→ Given data
● ● ●
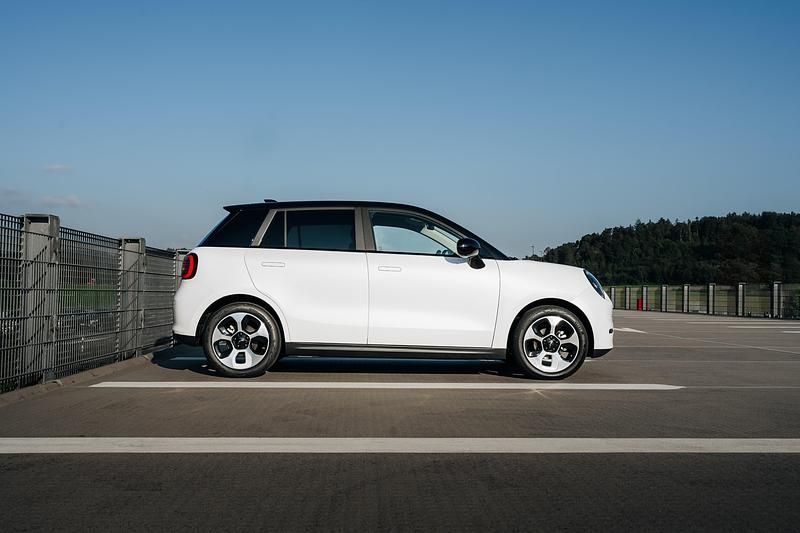 Neu JAC E30X 100 kW (136 PS) 2025 Kleinwagen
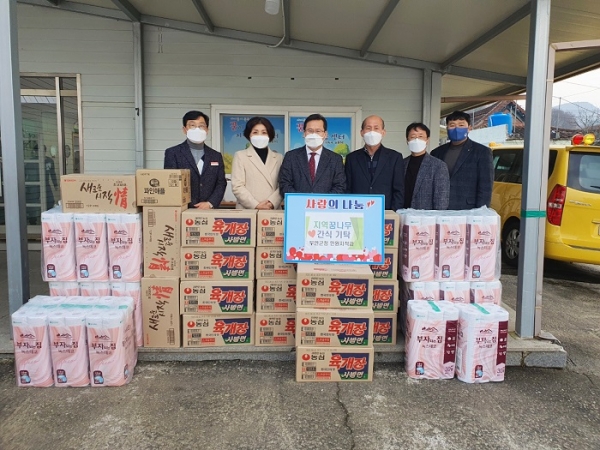 ▲무안군은 2021년 토지행정 종합평가에서 받은 포상금으로 저소득가정 아동·청소년들에게 100만원 상당의 식료품 등 물품을 전달했다.(사진제공=무안군)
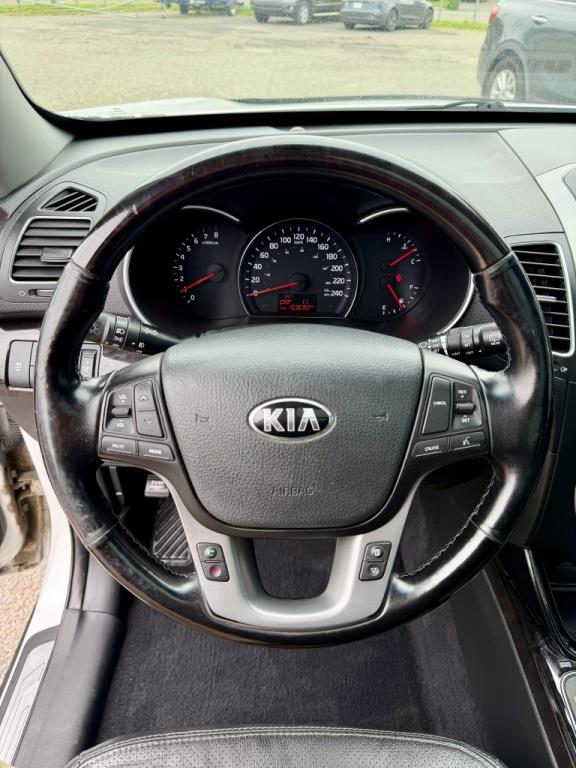 kia Sorento 2015 - 13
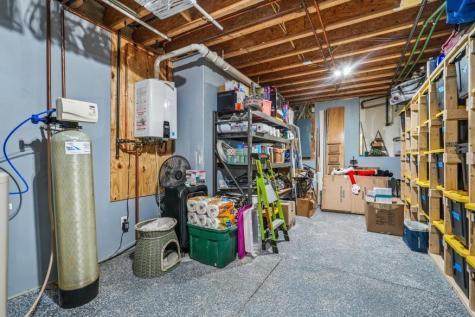 7997 218th Avenue Martelle IA 52305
● ● ●
→ What you are asked to do
Give back all of the material exactly, though without the images it contains.

→ Answer box
 Neu JAC E30X 100 kW (136 PS) 2025 Kleinwagen
 ▲무안군은 2021년 토지행정 종합평가에서 받은 포상금으로 저소득가정 아동·청소년들에게 100만원 상당의 식료품 등 물품을 전달했다.(사진제공=무안군)
 kia Sorento 2015 - 13
 7997 218th Avenue Martelle IA 52305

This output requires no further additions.